The normal distribution

Thu, Feb 22, 2024

Recap

Last time,

we reviewed discrete distributions, with an emphasis on the binomial,
we introduced continuous distributions including
- the uniform distribution,
- the exponential distribution,
- more general distributions defined using functions,
we talked about several important concepts surrounding continuous distributions, including
- PDFs and CDFs
- visualizing distributions with graphs of these functions,
- how these graphs might fit with discrete distributions and histograms, and
- mean, variance, and standard deviation

The normal distribution

The normal distribution is easily the most important distribution in elementary statistics - and it’s important for a concrete reason: it arises via the averaging process that we often apply to summarize and understand data.

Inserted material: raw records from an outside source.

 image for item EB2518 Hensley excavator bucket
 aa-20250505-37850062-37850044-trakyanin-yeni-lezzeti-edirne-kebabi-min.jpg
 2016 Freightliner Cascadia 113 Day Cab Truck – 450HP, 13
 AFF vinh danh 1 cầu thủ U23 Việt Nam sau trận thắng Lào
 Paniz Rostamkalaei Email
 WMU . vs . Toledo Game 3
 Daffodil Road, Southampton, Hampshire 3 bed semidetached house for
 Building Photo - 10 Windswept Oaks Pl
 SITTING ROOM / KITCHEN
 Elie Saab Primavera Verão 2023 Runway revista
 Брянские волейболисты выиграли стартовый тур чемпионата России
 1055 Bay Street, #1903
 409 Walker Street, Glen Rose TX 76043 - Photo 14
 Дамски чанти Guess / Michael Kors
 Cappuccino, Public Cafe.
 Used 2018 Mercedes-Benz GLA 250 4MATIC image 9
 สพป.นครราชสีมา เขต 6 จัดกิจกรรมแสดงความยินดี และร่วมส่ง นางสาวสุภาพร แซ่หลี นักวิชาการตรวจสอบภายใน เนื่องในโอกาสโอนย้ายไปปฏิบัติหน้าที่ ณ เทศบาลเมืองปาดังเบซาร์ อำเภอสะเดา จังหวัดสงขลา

It also arises surprisingly often in raw data itself. Last time, we saw how a histogram of human heights obtained from the CDC follows a normal distribution.

Let’s look at more data to illustrate … more.

NCAA Basketball data

I’ve got a data file from Kaggle that lists every NCAA basketball tournament game from 1985 through 2022. This data is free to obtain but not open; you’ve got to sign up for their March Madness 2023 competition to get it. Once you’ve got it, you can. examine it easily enough; it looks like so:

Code

import pandas as pd
results_df = pd.read_csv('MNCAATourneyCompactResults.csv')
results_df

	Season	DayNum	WTeamID	WScore	LTeamID	LScore	WLoc	NumOT
0	1985	136	1116	63	1234	54	N	0
1	1985	136	1120	59	1345	58	N	0
2	1985	136	1207	68	1250	43	N	0
3	1985	136	1229	58	1425	55	N	0
4	1985	136	1242	49	1325	38	N	0
...	...	...	...	...	...	...	...	...
2379	2022	146	1242	76	1274	50	N	0
2380	2022	146	1314	69	1389	49	N	0
2381	2022	152	1242	81	1437	65	N	0
2382	2022	152	1314	81	1181	77	N	0
2383	2022	154	1242	72	1314	69	N	0

2384 rows × 8 columns

Average winning score

Here’s a histogram of the average winning score across all 2384 games, along with the normal distribution that has the same mean and standard deviation:

Code

import numpy as np
import matplotlib.pyplot as plt
from scipy.stats import norm

results_df.hist(column = ['WScore'], grid=False, bins=20,
    edgecolor='black', figsize = (12,6), density=True);

# Plot points below the histogram
z = results_df.WScore.apply(lambda z: -0.0005)
plt.plot(results_df.WScore, z, 'ok', alpha = 0.02)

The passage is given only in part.